The folowing instructions are for the demo directory meant to showcase live examples in class. For the main deployment example on Render, see the DEPLOYMENT README.

Slides

Slides

Prerequisites

Before you begin, ensure you have met the following requirements:

  • Docker Desktop (recommended for local setup)
  • Python 3.11.0 or greater (local setup with virtual environment)
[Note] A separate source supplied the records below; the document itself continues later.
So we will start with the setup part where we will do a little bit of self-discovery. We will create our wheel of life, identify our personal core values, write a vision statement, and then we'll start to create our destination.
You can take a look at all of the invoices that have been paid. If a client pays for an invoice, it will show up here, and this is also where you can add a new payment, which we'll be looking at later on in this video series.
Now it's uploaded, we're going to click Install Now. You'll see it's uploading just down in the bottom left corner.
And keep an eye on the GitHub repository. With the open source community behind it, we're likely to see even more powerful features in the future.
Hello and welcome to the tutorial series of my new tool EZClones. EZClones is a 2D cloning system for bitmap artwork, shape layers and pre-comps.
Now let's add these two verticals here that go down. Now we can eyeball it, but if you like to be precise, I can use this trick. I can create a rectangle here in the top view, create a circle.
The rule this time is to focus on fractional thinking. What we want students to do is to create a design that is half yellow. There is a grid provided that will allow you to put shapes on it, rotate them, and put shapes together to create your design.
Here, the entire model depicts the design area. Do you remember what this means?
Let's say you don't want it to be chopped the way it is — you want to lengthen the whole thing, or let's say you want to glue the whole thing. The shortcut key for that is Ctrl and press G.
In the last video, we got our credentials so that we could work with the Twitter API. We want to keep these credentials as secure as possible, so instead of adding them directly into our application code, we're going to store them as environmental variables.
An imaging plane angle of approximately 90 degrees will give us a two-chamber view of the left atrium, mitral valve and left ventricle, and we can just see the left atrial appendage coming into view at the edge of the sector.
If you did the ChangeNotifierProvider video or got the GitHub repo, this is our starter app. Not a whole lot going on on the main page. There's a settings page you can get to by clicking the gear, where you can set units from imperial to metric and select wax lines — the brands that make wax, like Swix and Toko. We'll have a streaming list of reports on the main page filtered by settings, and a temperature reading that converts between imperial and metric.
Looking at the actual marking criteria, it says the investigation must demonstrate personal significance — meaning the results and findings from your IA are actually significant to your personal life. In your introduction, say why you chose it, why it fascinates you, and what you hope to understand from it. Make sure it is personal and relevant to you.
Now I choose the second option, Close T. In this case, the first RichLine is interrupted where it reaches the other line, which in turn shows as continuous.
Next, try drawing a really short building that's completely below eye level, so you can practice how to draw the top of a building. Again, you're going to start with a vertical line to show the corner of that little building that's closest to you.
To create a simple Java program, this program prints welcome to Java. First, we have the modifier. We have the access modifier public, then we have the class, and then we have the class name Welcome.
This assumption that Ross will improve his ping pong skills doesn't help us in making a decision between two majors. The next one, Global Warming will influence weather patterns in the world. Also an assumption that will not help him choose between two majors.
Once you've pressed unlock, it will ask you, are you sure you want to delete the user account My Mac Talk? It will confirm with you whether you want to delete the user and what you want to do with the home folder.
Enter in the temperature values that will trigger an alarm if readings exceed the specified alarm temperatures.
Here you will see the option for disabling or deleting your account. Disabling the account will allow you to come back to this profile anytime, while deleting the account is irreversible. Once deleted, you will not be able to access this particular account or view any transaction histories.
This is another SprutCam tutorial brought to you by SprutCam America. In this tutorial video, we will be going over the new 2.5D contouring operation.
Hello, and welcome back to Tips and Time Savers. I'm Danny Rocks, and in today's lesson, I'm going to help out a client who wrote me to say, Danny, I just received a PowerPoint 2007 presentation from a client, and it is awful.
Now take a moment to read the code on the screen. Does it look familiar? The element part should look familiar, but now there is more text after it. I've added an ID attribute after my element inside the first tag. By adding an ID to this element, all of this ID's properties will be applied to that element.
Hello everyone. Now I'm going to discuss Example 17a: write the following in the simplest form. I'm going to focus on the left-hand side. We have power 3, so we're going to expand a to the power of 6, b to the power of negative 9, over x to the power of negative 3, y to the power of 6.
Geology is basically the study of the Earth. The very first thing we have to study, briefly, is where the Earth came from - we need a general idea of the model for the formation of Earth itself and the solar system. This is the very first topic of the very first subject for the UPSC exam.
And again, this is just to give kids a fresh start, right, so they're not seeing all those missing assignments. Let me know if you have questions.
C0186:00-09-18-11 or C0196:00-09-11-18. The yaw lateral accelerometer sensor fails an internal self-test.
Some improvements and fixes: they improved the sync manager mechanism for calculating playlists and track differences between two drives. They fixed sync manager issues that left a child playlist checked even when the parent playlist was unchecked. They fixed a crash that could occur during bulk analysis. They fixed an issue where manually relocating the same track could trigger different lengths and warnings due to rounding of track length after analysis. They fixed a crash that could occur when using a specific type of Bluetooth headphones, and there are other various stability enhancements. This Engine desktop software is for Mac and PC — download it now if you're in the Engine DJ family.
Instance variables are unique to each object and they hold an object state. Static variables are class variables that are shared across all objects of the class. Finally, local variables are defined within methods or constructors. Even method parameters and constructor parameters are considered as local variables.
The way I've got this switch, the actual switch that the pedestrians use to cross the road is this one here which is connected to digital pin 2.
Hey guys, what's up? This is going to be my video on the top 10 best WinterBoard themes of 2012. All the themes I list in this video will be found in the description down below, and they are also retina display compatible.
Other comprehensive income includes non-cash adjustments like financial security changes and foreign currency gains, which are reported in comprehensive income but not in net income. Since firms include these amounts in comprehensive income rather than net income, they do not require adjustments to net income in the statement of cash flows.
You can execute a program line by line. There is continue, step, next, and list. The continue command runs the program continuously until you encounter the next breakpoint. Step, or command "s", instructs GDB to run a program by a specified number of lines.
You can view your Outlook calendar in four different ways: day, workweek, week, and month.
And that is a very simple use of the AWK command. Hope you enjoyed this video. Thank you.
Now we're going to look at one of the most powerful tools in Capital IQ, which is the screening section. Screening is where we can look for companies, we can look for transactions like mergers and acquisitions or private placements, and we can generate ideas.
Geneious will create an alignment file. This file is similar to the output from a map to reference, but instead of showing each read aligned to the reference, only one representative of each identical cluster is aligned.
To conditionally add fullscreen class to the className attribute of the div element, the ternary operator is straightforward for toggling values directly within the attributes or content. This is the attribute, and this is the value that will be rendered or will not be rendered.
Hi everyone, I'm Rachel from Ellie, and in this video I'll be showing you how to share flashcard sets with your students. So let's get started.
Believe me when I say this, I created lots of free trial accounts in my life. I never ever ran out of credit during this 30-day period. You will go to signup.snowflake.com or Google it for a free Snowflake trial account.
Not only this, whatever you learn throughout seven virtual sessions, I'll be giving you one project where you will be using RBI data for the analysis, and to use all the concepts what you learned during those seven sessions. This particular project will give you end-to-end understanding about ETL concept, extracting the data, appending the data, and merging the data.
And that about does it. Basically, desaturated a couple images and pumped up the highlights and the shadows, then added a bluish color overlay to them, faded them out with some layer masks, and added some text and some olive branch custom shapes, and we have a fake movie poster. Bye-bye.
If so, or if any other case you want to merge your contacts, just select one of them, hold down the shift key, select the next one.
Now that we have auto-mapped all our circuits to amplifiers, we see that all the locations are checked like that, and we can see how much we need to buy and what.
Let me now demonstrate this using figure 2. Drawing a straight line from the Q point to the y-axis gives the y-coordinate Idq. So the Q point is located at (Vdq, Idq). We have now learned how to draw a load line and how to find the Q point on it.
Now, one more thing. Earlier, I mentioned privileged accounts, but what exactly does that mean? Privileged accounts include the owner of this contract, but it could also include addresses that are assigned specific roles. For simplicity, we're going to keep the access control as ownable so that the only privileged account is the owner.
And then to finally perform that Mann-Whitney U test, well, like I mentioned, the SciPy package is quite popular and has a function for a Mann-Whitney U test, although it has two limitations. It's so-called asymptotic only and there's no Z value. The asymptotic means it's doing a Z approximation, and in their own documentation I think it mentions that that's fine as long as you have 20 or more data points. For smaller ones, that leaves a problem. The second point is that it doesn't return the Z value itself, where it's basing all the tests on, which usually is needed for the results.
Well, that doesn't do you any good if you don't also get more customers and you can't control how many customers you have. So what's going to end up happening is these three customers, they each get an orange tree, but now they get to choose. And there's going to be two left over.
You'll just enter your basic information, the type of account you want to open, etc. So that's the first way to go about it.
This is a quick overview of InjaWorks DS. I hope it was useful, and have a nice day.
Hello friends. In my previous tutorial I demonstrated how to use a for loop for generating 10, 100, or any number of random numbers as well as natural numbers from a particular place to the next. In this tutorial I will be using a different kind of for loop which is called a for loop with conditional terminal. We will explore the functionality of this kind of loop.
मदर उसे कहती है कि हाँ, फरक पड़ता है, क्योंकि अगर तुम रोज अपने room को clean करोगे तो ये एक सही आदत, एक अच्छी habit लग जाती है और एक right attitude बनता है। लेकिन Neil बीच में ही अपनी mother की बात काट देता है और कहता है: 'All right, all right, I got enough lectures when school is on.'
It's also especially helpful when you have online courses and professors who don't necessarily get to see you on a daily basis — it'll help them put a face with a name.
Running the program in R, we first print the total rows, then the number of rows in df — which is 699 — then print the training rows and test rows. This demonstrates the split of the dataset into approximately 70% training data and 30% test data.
Set up environment variables:

  • Copy the sample environment file:
    cp .env.sample .env
  • Edit the .env file:
    OPENAI_API_KEY=your-openai-key
    LANGCHAIN_API_KEY=your-langchain-key
    LANGCHAIN_TRACING_V2=true
    LANGCHAIN_PROJECT=class_8
    

Docker (recommended)

  1. In the CLI, cd into the demo directory. You MUST follow this step before proceeding to access the correct Dockerfile/docker-compose.yml.
  2. Look at the docker-compose.yml and Dockerfile file to understand the different services they are managing/running.
  3. Start the Python servers in in_class_examples in their respective directories (each command runs its separate server container, and is run from the demo directory):
    docker compose up agent
    docker compose up chat
    
  4. Start Jupyter to run the corresponding .ipynb files you may create:
    docker compose up jupyter
    
  5. Run any .py files you may create in the demo directory in this manner:
    docker compose run --rm main python <the_py_file>
    

Running Different Scripts

You can use the provided run.sh script for easier execution. Make sure you are in the demo directory when running the script. Make sure to make the script executable with chmod +x run.sh in the CLI before using:

./run.sh agent #(starts the agent server)
./run.sh chat #(starts the chat server)
./run.sh jupyter #(starts the jupyter notebook server)
./run.sh <your_new_py_file> #(runs other .py files)

Local Setup (Alternative to Docker)

If you prefer to run the examples locally:

  1. Ensure you have Python 3.11.0 or higher installed.
  2. Clone the repository:
    git clone [repository-url]
    cd [repository-name]
  3. Set up the virtual environment:
    python3 -m venv .venv
    source .venv/bin/activate  # On Windows use `.venv\Scripts\activate`
    pip install -r requirements.txt
  4. Configure environment variables as described in the Setup section.
  5. Export your .env variables to the system (LangChain will handle this for you "under the hood" in the .ipynb files, but this is included for reference): Linux / Mac / Bash
    export $(grep -v '^#' .env | xargs)
  6. Run the notebooks:
    run the `.ipynb` files in VSCode (it will prompt you to allow the installation of ipykernel: do so) or another IDE that supports notebooks.
    

Need Help?

Reach out to the learning assistants in the course Slack channel.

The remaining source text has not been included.